Content starts

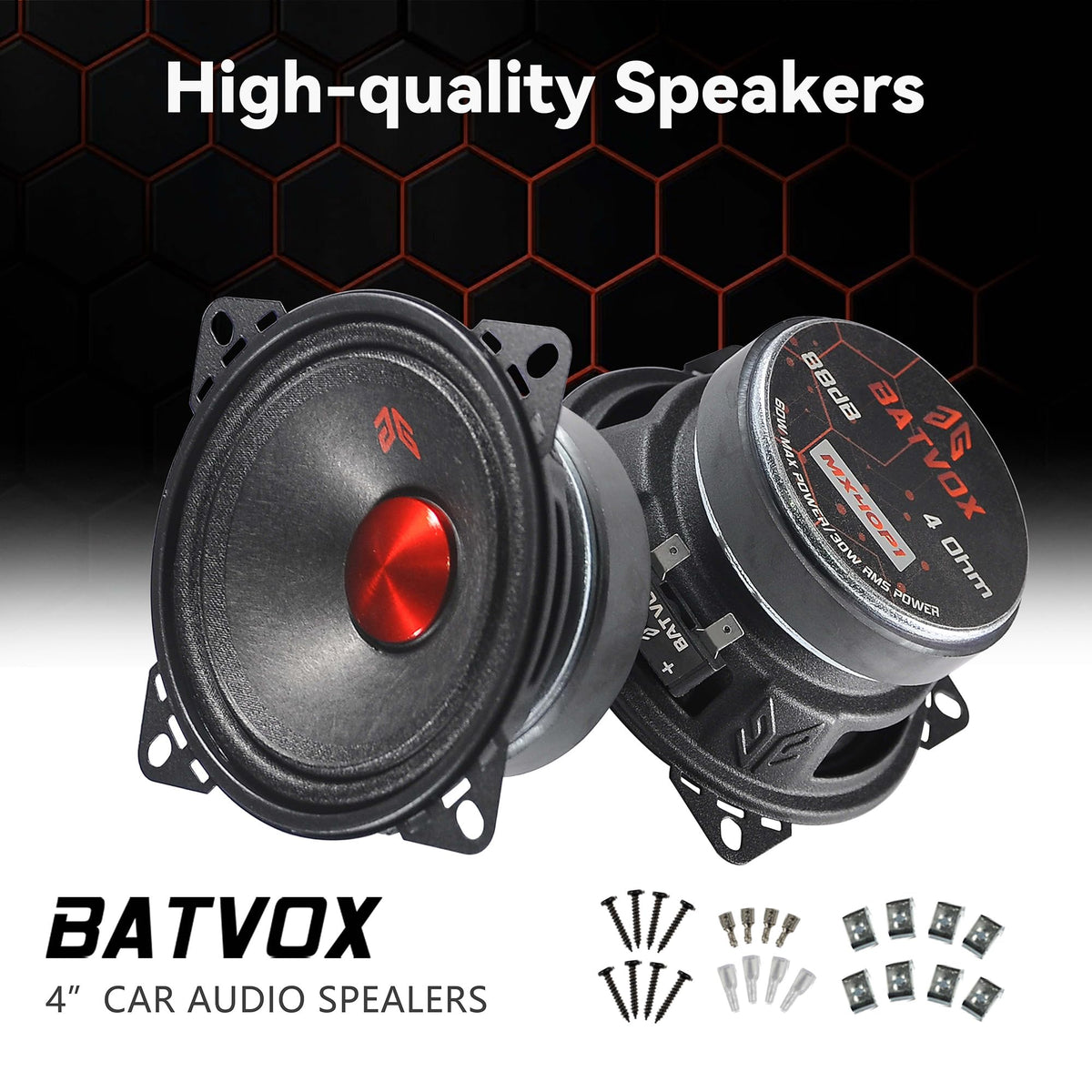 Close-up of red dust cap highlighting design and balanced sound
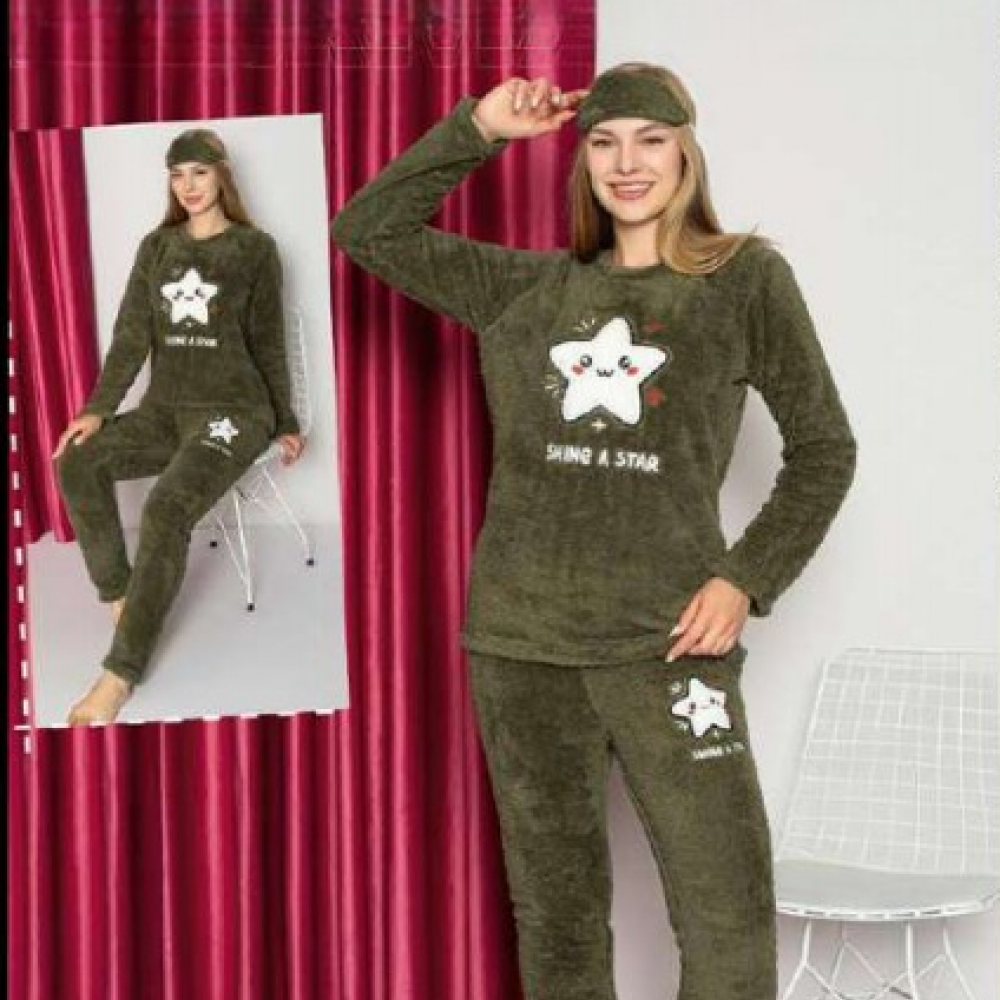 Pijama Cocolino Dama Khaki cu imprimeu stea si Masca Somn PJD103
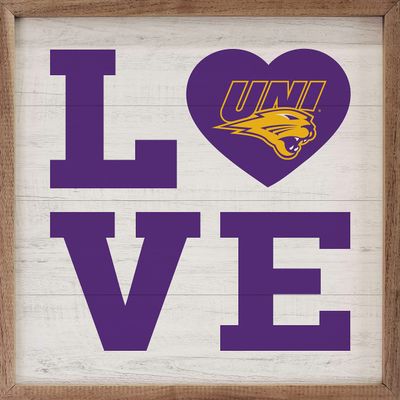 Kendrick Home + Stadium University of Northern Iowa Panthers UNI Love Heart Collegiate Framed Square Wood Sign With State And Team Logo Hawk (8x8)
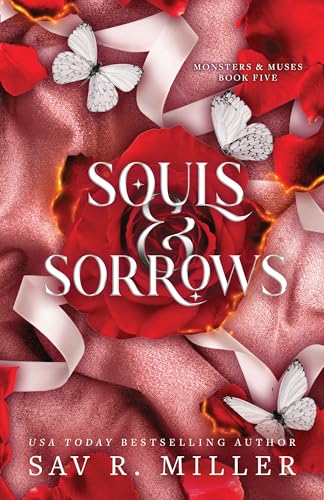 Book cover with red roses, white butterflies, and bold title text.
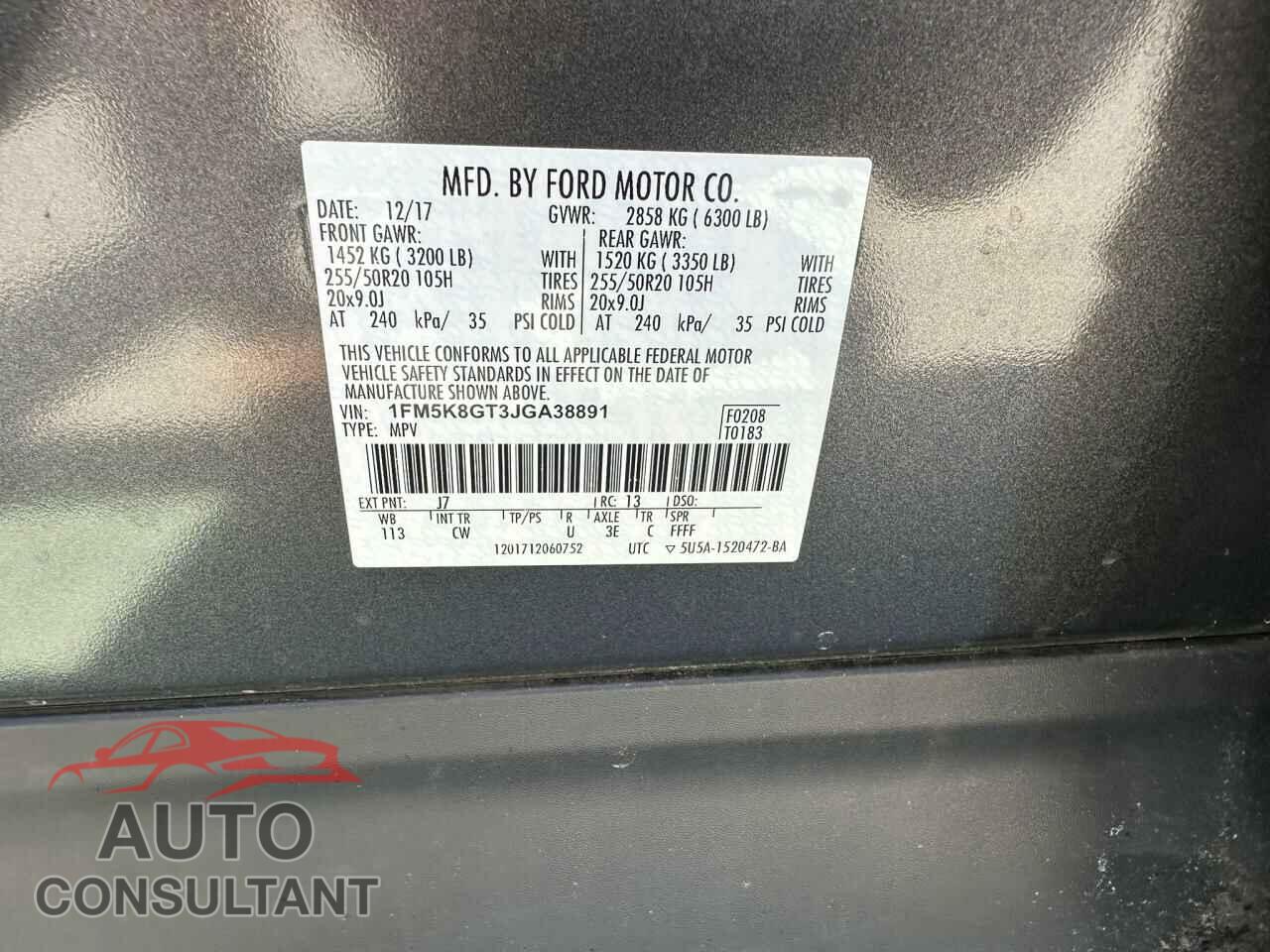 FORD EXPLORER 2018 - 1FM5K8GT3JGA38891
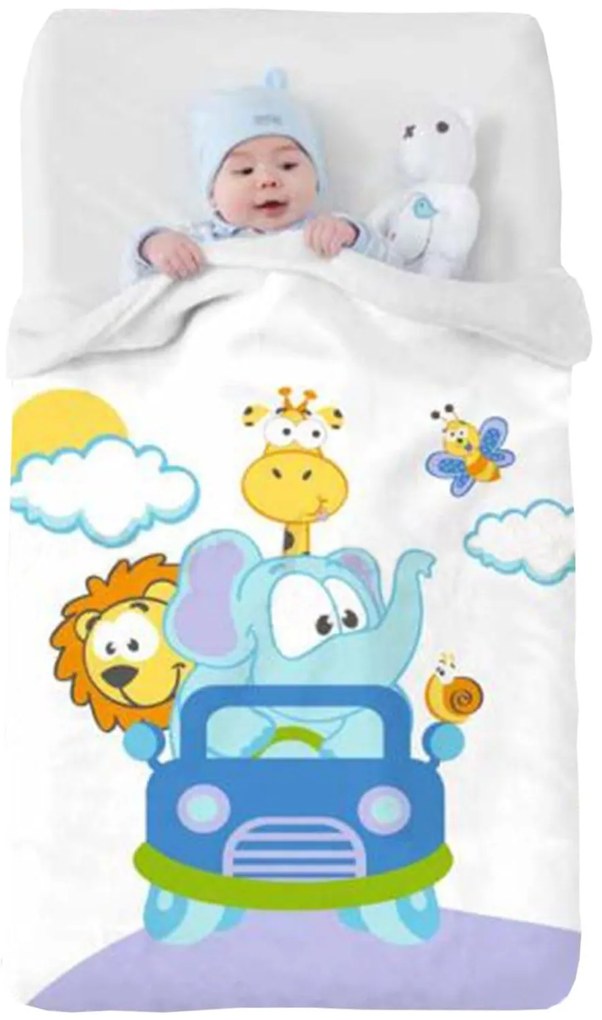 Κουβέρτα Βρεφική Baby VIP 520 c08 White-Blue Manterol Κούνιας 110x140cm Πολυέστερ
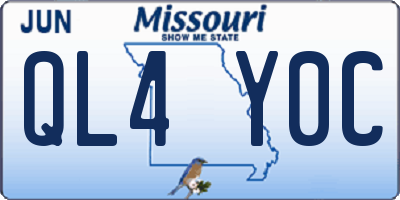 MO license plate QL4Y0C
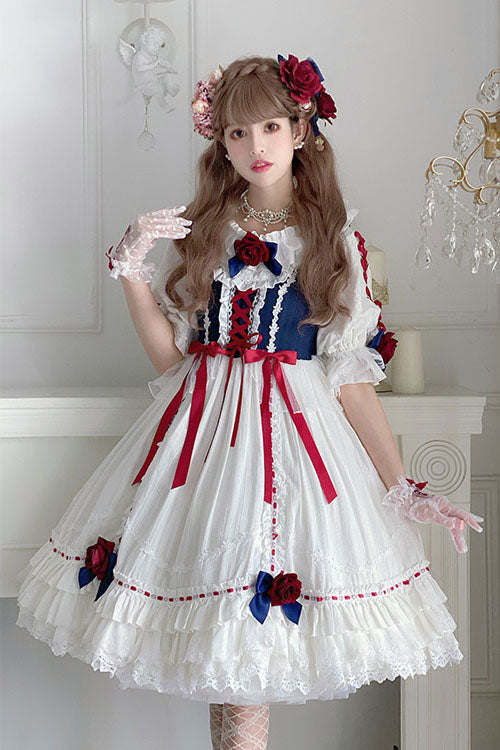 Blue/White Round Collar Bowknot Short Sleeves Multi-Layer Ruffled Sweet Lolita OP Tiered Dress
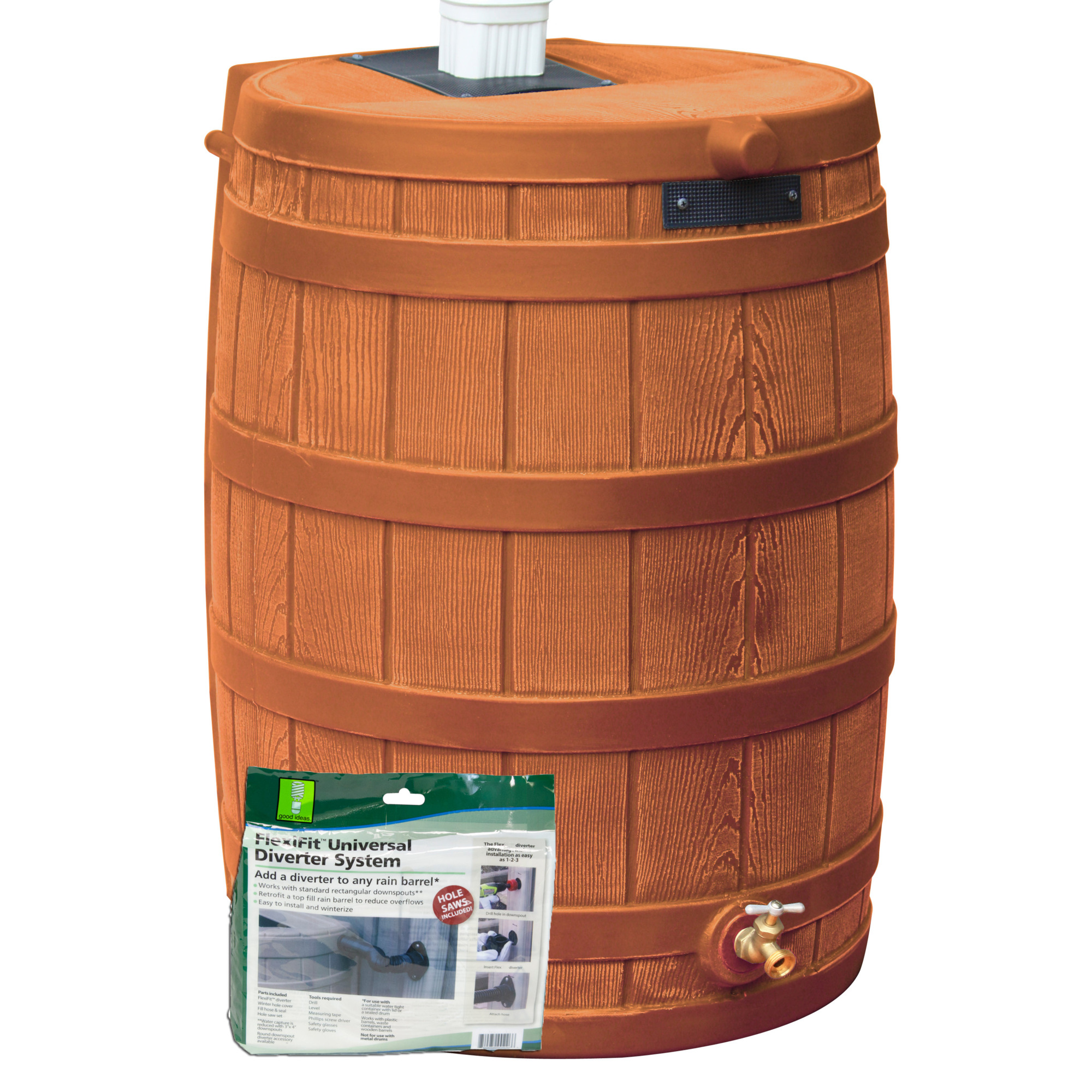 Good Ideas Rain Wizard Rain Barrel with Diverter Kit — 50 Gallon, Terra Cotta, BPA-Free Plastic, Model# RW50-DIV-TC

Content ends

- ACTIVITY -
Repeat the listing above in full, exactly, and omit its pictures.

- TASK RESPONSE -
 Close-up of red dust cap highlighting design and balanced sound
 Pijama Cocolino Dama Khaki cu imprimeu stea si Masca Somn PJD103
 Kendrick Home + Stadium University of Northern Iowa Panthers UNI Love Heart Collegiate Framed Square Wood Sign With State And Team Logo Hawk (8x8)
 Book cover with red roses, white butterflies, and bold title text.
 FORD EXPLORER 2018 - 1FM5K8GT3JGA38891
 Κουβέρτα Βρεφική Baby VIP 520 c08 White-Blue Manterol Κούνιας 110x140cm Πολυέστερ
 MO license plate QL4Y0C
 Blue/White Round Collar Bowknot Short Sleeves Multi-Layer Ruffled Sweet Lolita OP Tiered Dress
 Good Ideas Rain Wizard Rain Barrel with Diverter Kit — 50 Gallon, Terra Cotta, BPA-Free Plastic, Model# RW50-DIV-TC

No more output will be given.